# Fargo walleyes



## Techhead (Oct 18, 2005)

although it has been slow for me anyways this fall for walleyes in the red and lower tributaries around FArgo. I have been able to pick up a few at tree foil park, the dam down at oxbow and Christine, island park and the maple dam north of West Fargo. Best bet for me has been a weight and a floating jighead so far. Caught an extremely nice sauger out at tree foil, 23". good luck


----------



## jewer3303 (Sep 15, 2005)

im new to the area, and im just wondering if the red river is safe to fish in the winter, does it ever freeze over?


----------



## Techhead (Oct 18, 2005)

depends on area to be fished, it is safe come late January, but walk, absolutely no driving on this ice, stay away from bridges and current areas for the most part, unfortuantely this is also good spots to fish, just be safe use glow lures, although the water clarity is actually pretty good in the winter time.

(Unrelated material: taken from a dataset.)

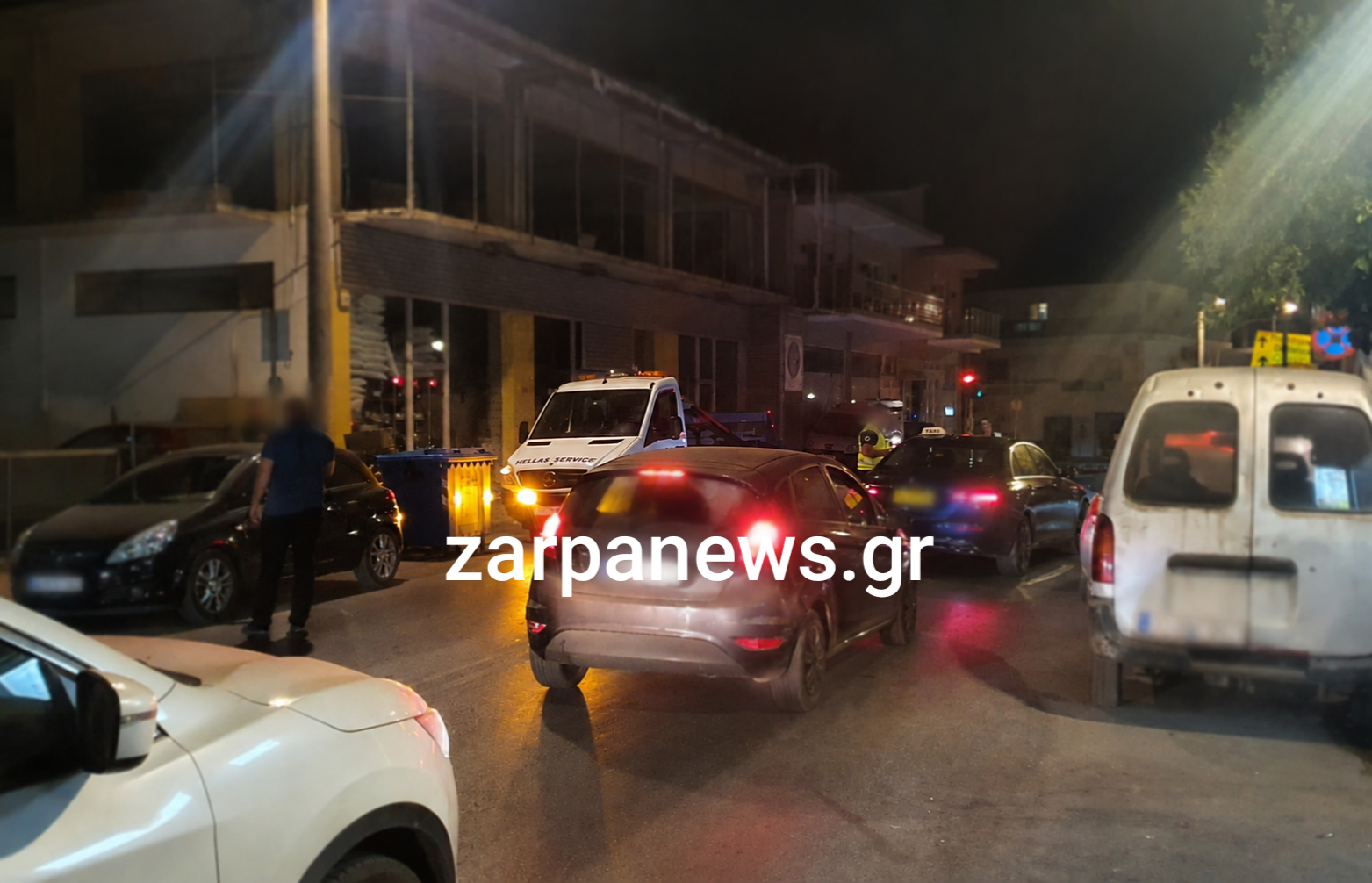 &Chi;&alpha;&nu;&iota;ά | &Sigma;&upsilon;&nu;&epsilon;&lambda;ή&phi;&theta;&eta; &mu;&epsilon;&theta;&upsilon;&sigma;&mu;έ&nu;&omicron;&sigmaf; &alpha;&nu;ή&lambda;&iota;&kappa;&omicron;&sigmaf; &mu;&epsilon; &pi;&alpha;&tau;ί&nu;&iota; &ndash; &Alpha;&sigma;&tau;&upsilon;&nu;&omicron;&mu;&iota;&kappa;ό &mu;&pi;&lambda;ό&kappa;&omicron; &tau;&eta; &nu;ύ&chi;&tau;&alpha; &sigma;&tau;&eta; &Gamma;&omicron;&gamma;&omicron;&nu;ή &mu;&epsilon; &alpha;&lambda;&kappa;&omicron;&tau;έ&sigma;&tau; &kappa;&alpha;&iota; &sigma;&upsilon;&nu;&omicron;&delta;&epsilon;ί&alpha; &gamma;&epsilon;&rho;&alpha;&nu;&omicron;ύ | Video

I like the spot down by the 52nd ave bridge to the north, a hole about 9 ft surrounded by 5 ft flats, pulled some nice eyes and cats out of there


----------



## jewer3303 (Sep 15, 2005)

sweet i cant wait till winter to pull some eyes from the ice.


----------



## Techhead (Oct 18, 2005)

just a heads up fished the confluence of the maple and sheyenne north of West Fargo, pulled 4 walleyes out, 1 pike, and 2 cats on Saturady, all came on jig and minnow (3/8 and 1/2) with a chartruese tail dragging the jigs. one cat was about 8, all 4 walleyes were right about 16"
good luck


----------



## jewer3303 (Sep 15, 2005)

can you ice fish that in the winter?


----------



## Techhead (Oct 18, 2005)

never tried, not very deep there


----------